Il rifiuto definitivo della certificazione potrà essere evitato mediante il suggerimento delle opportune correzioni da apportare all’accordo stesso, difatti la Commissione certificatrice può svolgere anche una funzione di assistenza e consulenza alle parti sia in fase di stipula che durante il contratto e può prima di rigettare l’istanza proporre soluzioni in modo che il contratto rispetti i criteri di certificazione.
Le parti possono fare espressa richiesta, nell’istanza di certificazione, che gli effetti civili, amministrativi, previdenziali o fiscali, non producano effetti solo nei confronti delle due parti ma anche verso terzi, in questo caso l’atto di certificazione ha un efficacia giuridica anche verso terzi, che possono essere l’INL, INPS,INAIL, L’ENPALS, l’ENASARCO etc. difatti l’art. 79 del decreto dice”gli effetti dell’accertamento dell’organo preposto alla certificazione del contratto di lavoro permangono, anche verso i terzi, fino al momento in cui sia stato accolto, con sentenza di merito, uno dei ricorsi giurisdizionali esperibili ai sensi dell’art. 80, fatti salvi i provvedimenti cautelari”.

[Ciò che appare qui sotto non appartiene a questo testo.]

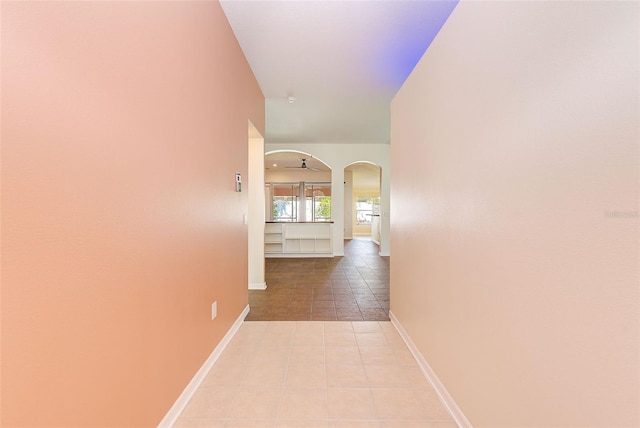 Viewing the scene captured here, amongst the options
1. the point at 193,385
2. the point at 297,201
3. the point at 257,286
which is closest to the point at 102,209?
the point at 193,385

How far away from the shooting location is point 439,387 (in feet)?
5.53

LE OPPOSIZIONI ALLA CERTIFICAZIONE
Definita positivamente la procedura, il contratto può definirsi certificato, ossia conforme alla legge e al contratto collettivo applicato. Ma è in qualche modo opponibile? Ossia il lavoratore o un terzo può contestarlo o comunque far valere un diritto diverso rispetto all’accordo certificato? L’art. 80, comma 1, del decreto stabilisce che “Nei confronti dell’atto di certificazione, le parti e i terzi nella cui sfera giuridica l’atto stesso è destinato a produrre effetti, possono proporre ricorso, presso l’autorità giudiziaria di cui all’articolo 413 del codice di procedura civile, per erronea qualificazione del contratto oppure difformità tra il programma negoziale certificato e la sua successiva attuazione. Sempre presso la medesima autorità giudiziaria, le parti del contratto certificato potranno impugnare l’atto di certificazione anche per vizi del consenso” ( cioè l’errore, la violenza e il dolo) . Non prima tuttavia proporre in primo luogo il tentativo di conciliazione presso la medesima commissione di certificazione e successivamente possono proporre ricorso giudiziario per rivendicare la corretta qualificazione del contratto, con ogni conseguenza. Perciò la qualificazione certificata resiste alle contestazioni degli organi di vigilanza e conserva efficacia fino a sentenza del Tribunale, rappresentando quindi uno strumento decisamente deflativo delle controversie.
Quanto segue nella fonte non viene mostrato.